Wednesday, August 21, 2013

The Sleeping Volcano



Thisbe has been, thus far, a terrific big sister to you, Matteus.  She sings to you, strokes your eyebrows like little caterpillars, pushes you on the baby swing (as high as it will go), strikes the silver triangle as near to your ear as possible, fogs up your face with her breath, and dons her high heels and practices flamenco on the hardwood floors while you sleep.  And when you're awake, you adore all of it.  You follow her with your gorgeous, slightly amphibian eyes and purse your lips and wave your hands around in excitement.  And most of what Thisbe says and sings to you involves words like I love you and you are the most beautiful brother in the world.

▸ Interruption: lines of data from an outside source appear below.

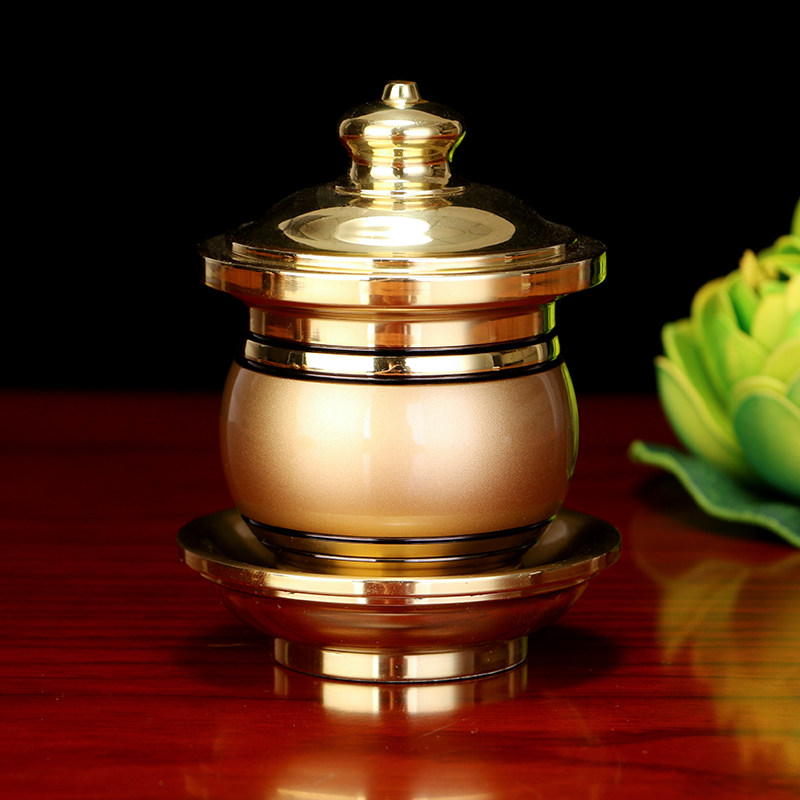 新品台湾铜杯佛前水供杯带盖圣水杯万玉堂观N音净水杯供奉佛具用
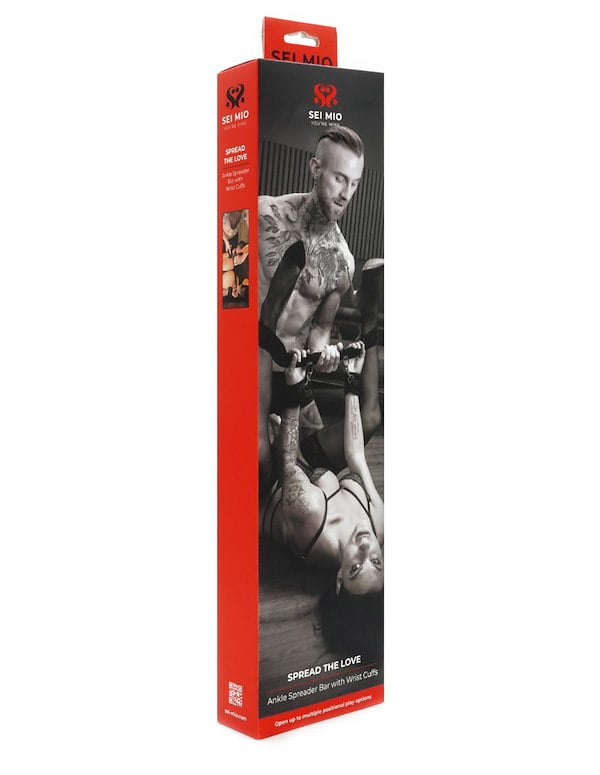 Sei Mio - Spread The Love - Ankle Spreader Bar With Wrist Cuffs ALT2 view Color: BK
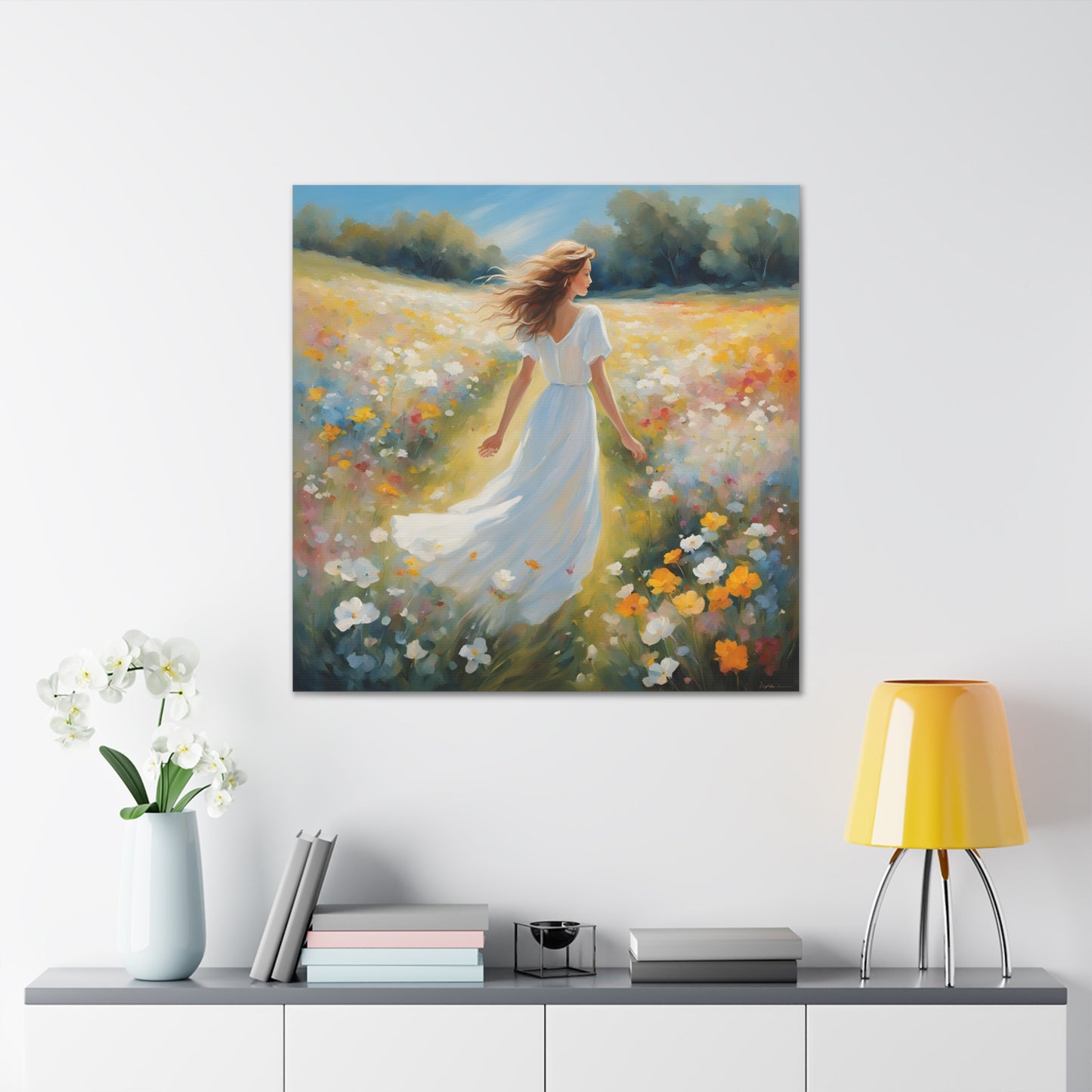 A Woman in a Flowing Dress Elegant Art for Home Decor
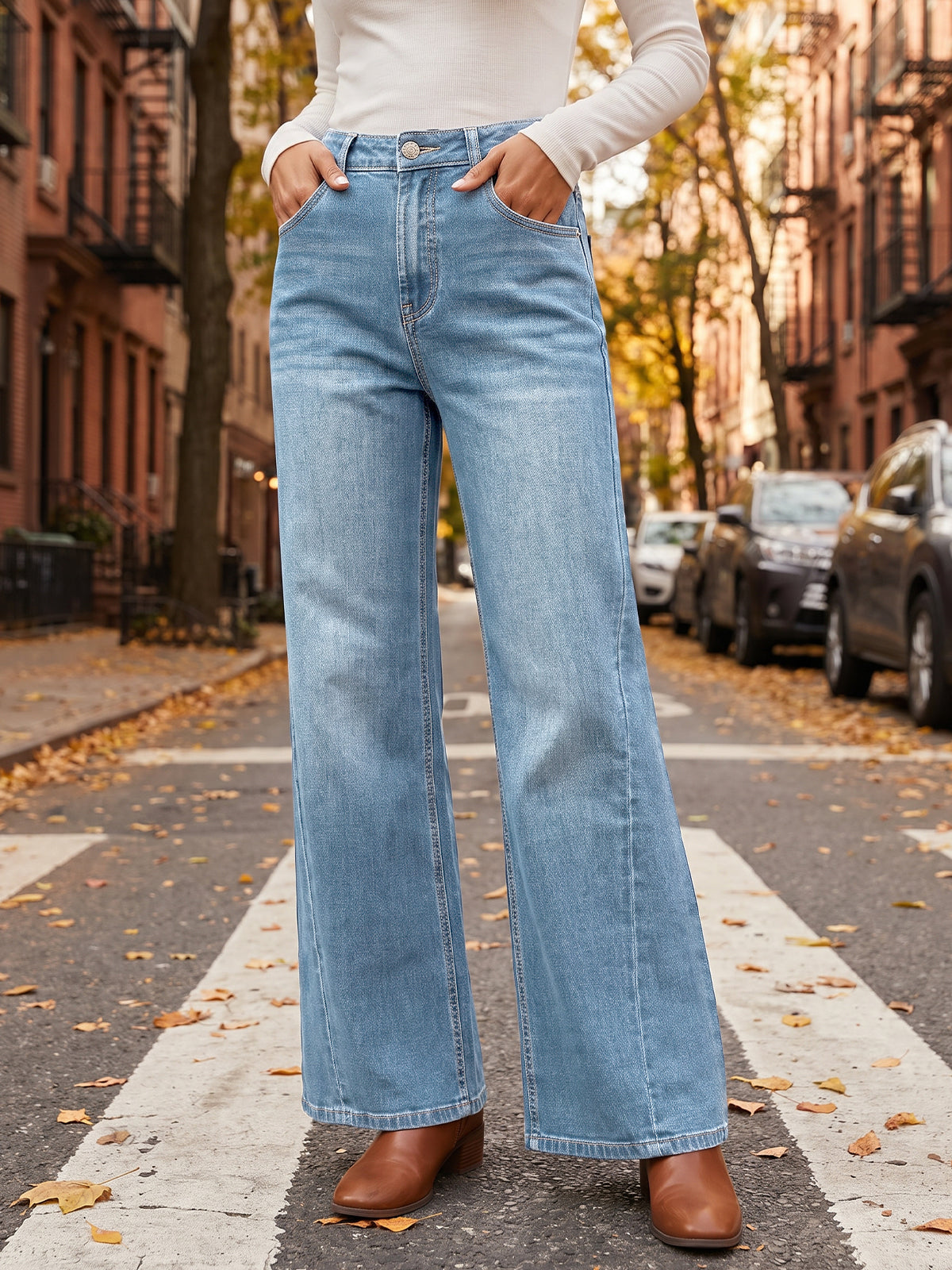 usvara Women High Waisted Flare Jeans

But along with Thisbe's exuberance over your arrival has also arrived a preoccupation with death.  I'm not sure if this is simply a natural developmental stage or if subconsciously she wondered if I might die when you were born or if she suddenly recognizes that the seam between life and death is tenuous, that somehow your passage from seeming nothingness into existence has opened up questions about the passage from existence back into nothingness.

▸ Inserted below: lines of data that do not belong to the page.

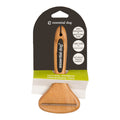 Wooden deshedding tool with 'essential dog' packaging on a white background.
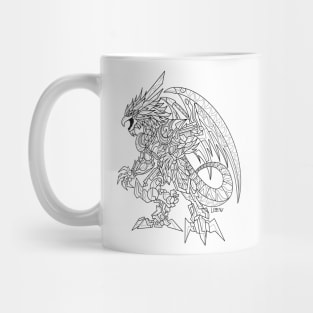 quetzalcoatl in metal mecha armor dragon ecopop pattern art Mug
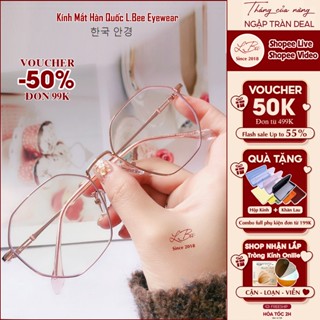 Kính đa giác kim loại thời trang L.BEE, gọng kính cận nữ lục giác cao cấp LB165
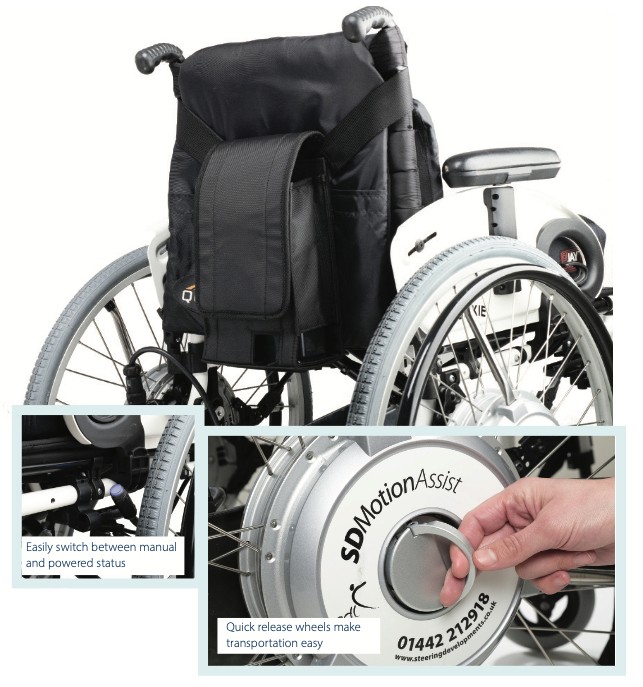 Close up of Assist wheel hub and quick release ring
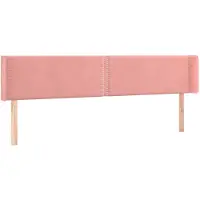 vidaXL Tête de lit avec oreilles rose 183x16x78/88 cm velours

Whatever the reason, Thiz asked your father a bunch of questions about death right after you were born.  Now, however, the preoccupation with death as well as the latent ambivalence about sisterhood is coming out indirectly, in pretend play and in song lyrics.

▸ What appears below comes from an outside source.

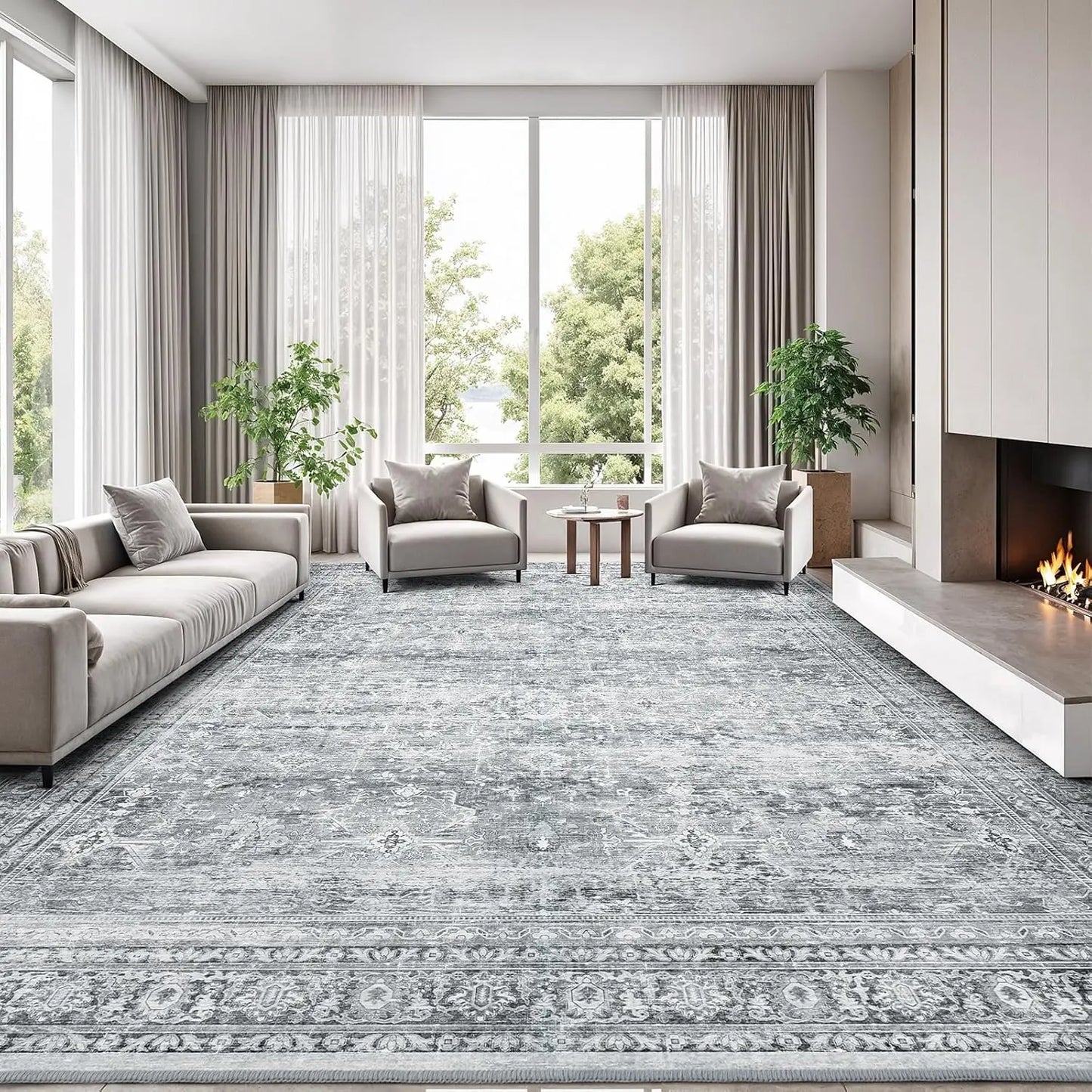 Washable Floral Area Rug With Non-Slip Backing For Living Room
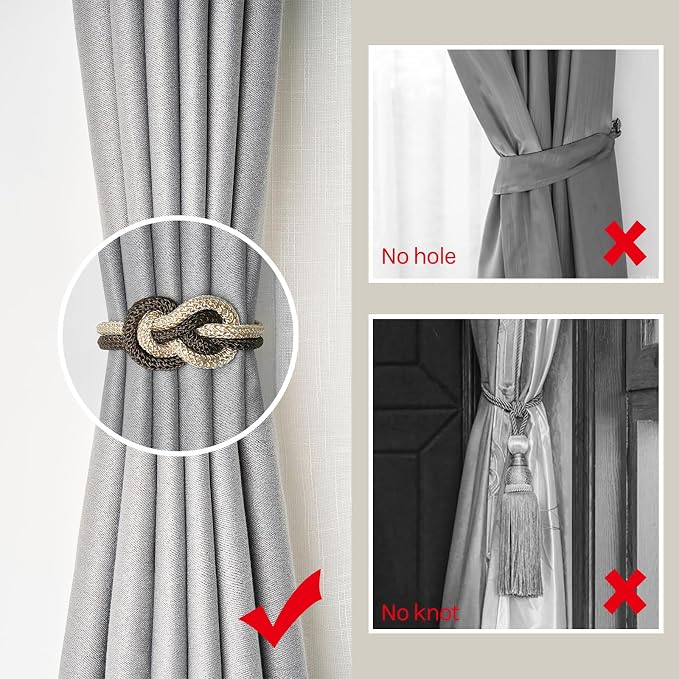 NICEEC 2 Pack Mini Magnetic Curtain Tiebacks Nordic Simple Style Drape Tie - Image 2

Two days ago, while I cooked dinner, Thisbe made play-doh pizzas at the breakfast nook table.  This naturally progressed into a scenario in which Captain Von Trapp was trying to kill Maria and Maria was proclaiming that she didn't want to die.

Later, as we colored, Thisbe said, you know what would be sad, Mama?  
What?  I asked.
If wolves came and bit off baby brother's head. 
Yes, I affirmed, that would be sad.

Yesterday, as I nursed you, your sister approached with a play kitchen knife.
I'm going to pretend to cut baby brother up into lots of pieces, she announced casually.  Just pretend.
Nope, I said.  We're not going to pretend that.
I'll just cut you then, she said.
Nope, I said.
Just feel the edge of the blade, Mama.  It's not sharp.
I reluctantly lifted a finger off your head.  You're right, Thisbe, it's not sharp.
Then your sister turned back to her kitchen.  I guess I'll just cut some bread then, she mumbled rather despondantly.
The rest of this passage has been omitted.